Q. Finally, the Digital Intermediate (D.I.) process and the VFX of a Hollywood movie (‘28 Weeks Later’) have been handled entirely by an Indian firm, Prime Focus. Even though there have always been Indians involved on major projects, none have ever been given the opportunity to undertake a complete project. What took this development so long?
A. (Instantly) Perception business. Nobody in Hollywood thinks that we (Indians) are capable of handling a complete project. We have always been just a low cost solution for the foreign VFX market. So, we may do even a ‘Spiderman’ but we would still end up doing clean-up shots and are never offered the major shots which would have the hero, some other significant mug shots or the really good-looking sequences. We would be offered clean-up shots at dirt cheap rates compared to the prices of an American or British VFX company.
Q. Do you think this is the beginning of an exciting trend which will see more Indian VFX companies get complete start-to-end projects from the west?
A. As I mentioned earlier, it is a matter of perception and gaining the confidence of the client, no matter what it takes. From an Indian point of view, the international market is virgin and we have found a barrier and then the way around it. We took the route of taking over a British company but that’s not the only way to get entire projects. The other VFX firms here will have to find their own ways to achieve these ends. At the end of the day, it is a case of the chicken and the egg. You need to find yourself a big start-to-end project and then the offers and openings follow.
Q.28 Weeks Later: can you tell us about your pipeline, the workforce and technology used?
A. It consisted of basic file and data structure management, and an approval process with the client. Our data structure at all our facilities is standardized hence the file structure and naming, the software used, the colors across monitors in London and India, are all standardized. There is usually a huge requirement of 2D and 3D data on projects like ‘28 Weeks Later’, there needs to be an efficient film production pipeline to manage all the data and we have made our proprietary model. With respect to the shot approvals, we break it up into different parts instead of just sending the final edited shot and waiting for the client to send changes and then reworking them. So, we send layouts of the shot, then the edits, so on and so forth by which we maintain a tight progressive workflow.
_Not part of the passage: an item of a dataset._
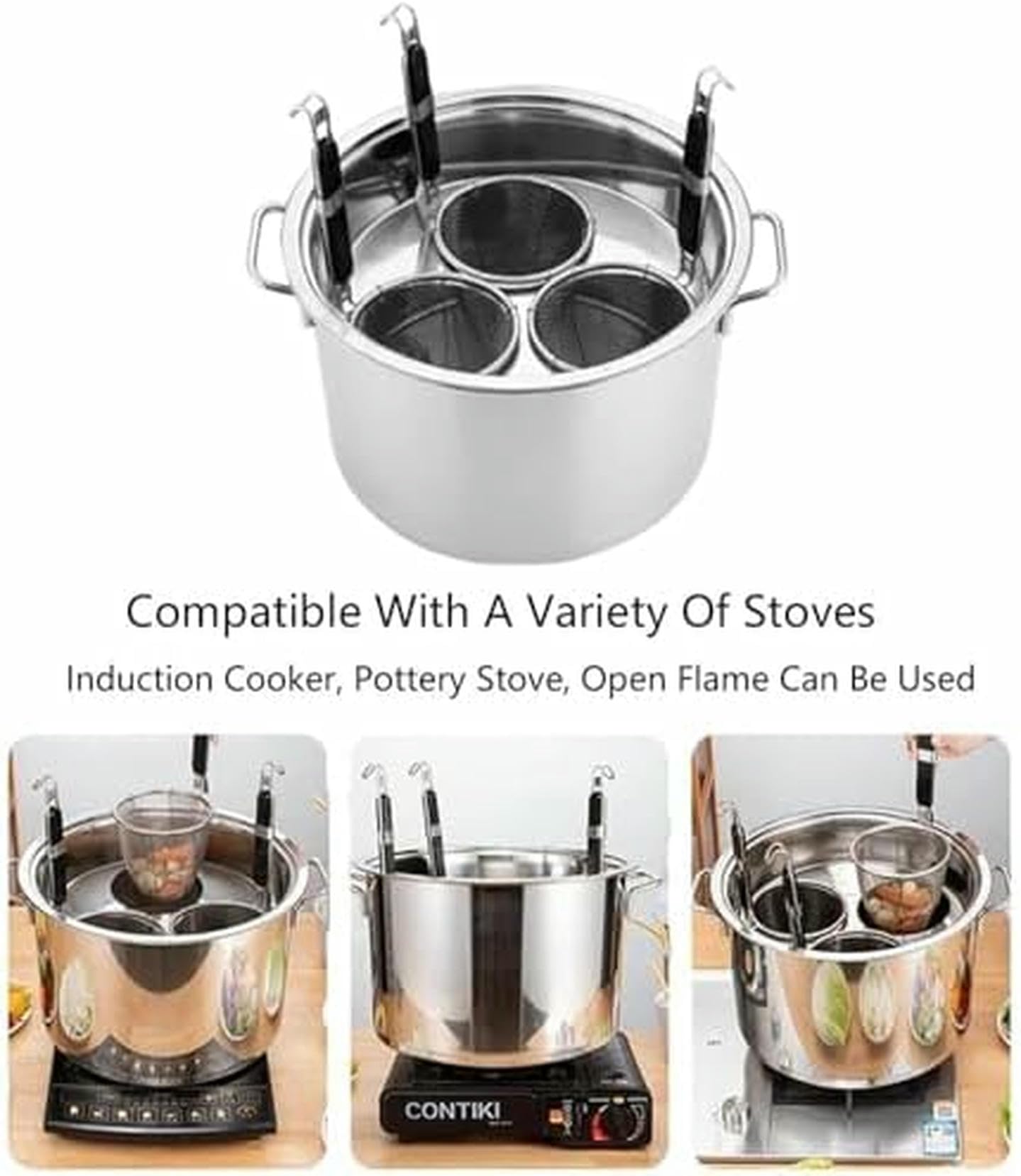 Set di pentole per Pasta in Acciaio Inossidabile (con scolapasta) - Pentola da Cucina a 3/4/5 Fori, Adatta per cucine domestiche e di ristoranti - Strumento di Cottura efficiente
Q. Considering the rate at which Prime Focus is growing, and this development of executing start-to-end visual effects for a mainstream Hollywood movie, do you think there are brighter days ahead for animation and graphics design students?
A. Absolutely. At this facility (Prime Focus, Goregaon), we had a strength of 40 people just around a year ago. This figure is now at a 160 and it is exponentially growing. We usually employ at the average rate of 2-3 employees per week. So it sure looks like an exciting time for animation and graphic students!